MPs had been due to hear the second reading of the bill, which aims to give emergency response drivers better protection from prosecution, on March 16th.
However, it was pulled from Parliament’s agenda earlier in the week to allow for the completion of an ongoing review which will investigate ‘the law and best practice regarding police pursuits.’
The bill is now expected to be given its second reading on July 6th.
The Police Federation Of England and Wales has fought long and hard for a revision to the bill to protect their members from unfair prosecutions.
The Federation’s Pursuits Lead Tim Rogers says the delay is a ‘bitter blow’.
“To get this disappointing news just hours away from a key legislative milestone, which had already secured cross-party support, is a bitter blow – and all the more devastating.
“What are our members and fellow emergency response drivers to do in the meantime?
“How many more lives could be ruined going through lengthy legal proceedings – ultimately criminalising officers for just doing their job?”
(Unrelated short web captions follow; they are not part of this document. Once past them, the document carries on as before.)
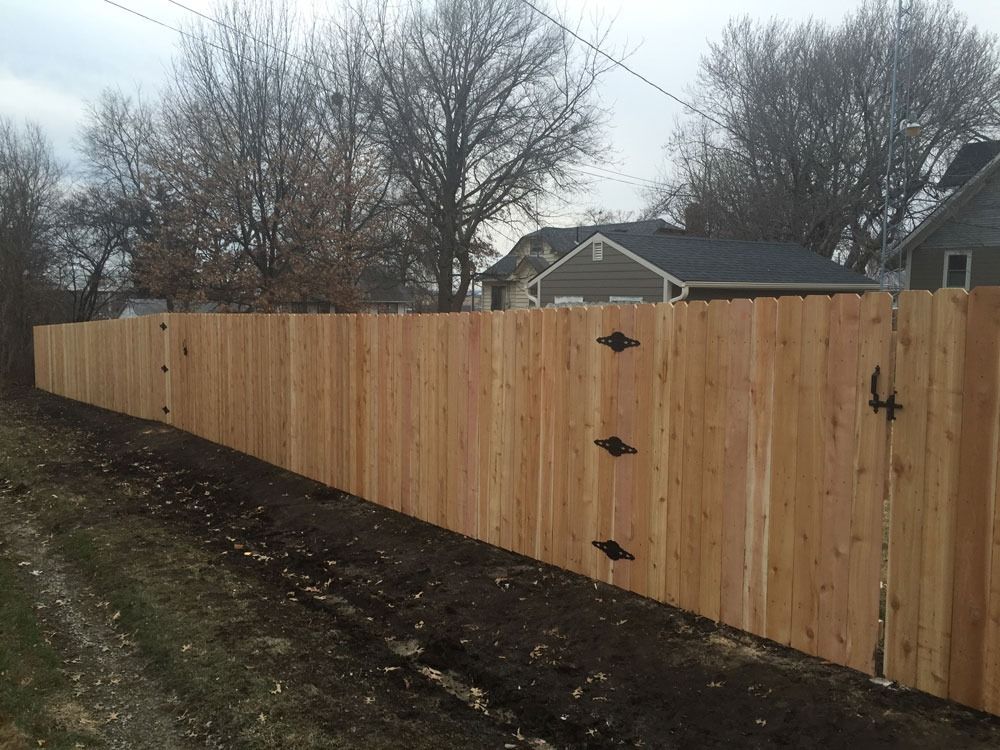 Wooden fence along a dirt path, with trees and houses in the background.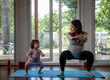 © Jovo Jovanovic/Stocksy - Mom and daughter exercising together at home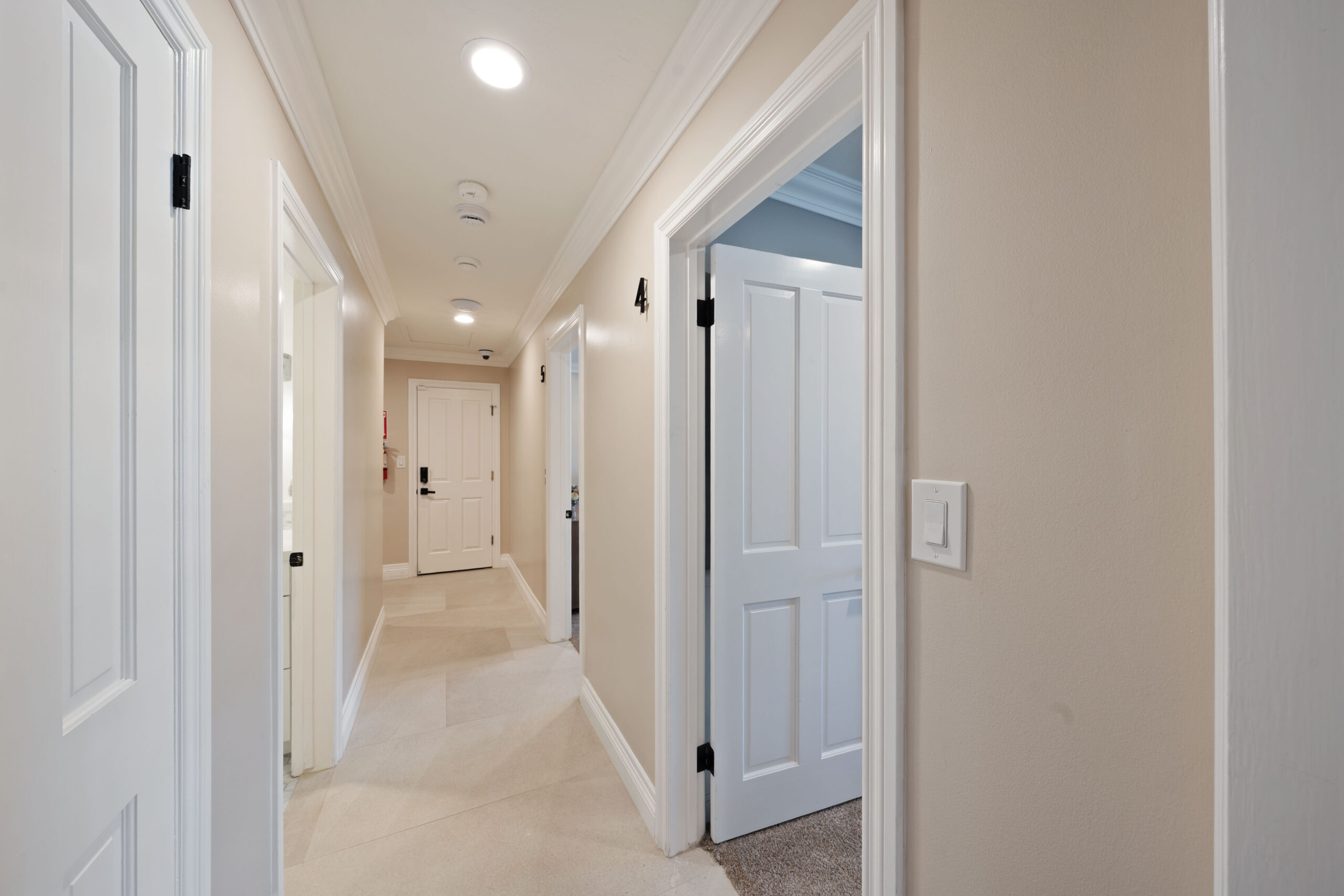 Interior hallway with white paneled doors on both sides and beige walls, lit by ceiling lights.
The current legislation allows no exemptions for police pursuits meaning police drivers can be held liable for ‘dangerous driving’ even when in pursuit.
The law also doesn’t take into account the high level of specialised training officers are given.
Tim says it means officers have to try and do their job with ‘one hand tied behind their back.’
“We have fought extremely hard for more than seven years to get to this point, liaising with the Home Office, National Police Chiefs’ Council, MPs from all parties and many, many other stakeholders,” he added.
“We finally thought the end was in sight, with a workable solution which would help protect our 120,000 plus members from prosecution for just doing their jobs, only to have it snatched from us at the last minute.
“The Government says it ‘remains broadly supportive of the intention behind the Private Members Bill’ and we know a review is ongoing.
“But this news will be a real blow to our specially-trained police drivers and the other emergency services who will now face an indefinite period continuing to run the risk of possibly losing their jobs if they respond to a ‘blue-light’ call.
“We will not stop campaigning for this important legislative change and we will also now have to consider our position and what advice to issue to members.
"The Government needs to put its money where its mouth is on this.”
In December, Policing Minister Nick Hurd supported the bill in Parliament, after it had been introduced by senior backbench MP, Sir Henry Bellingham.
The bill was accepted with cross party sponsors and no dissent.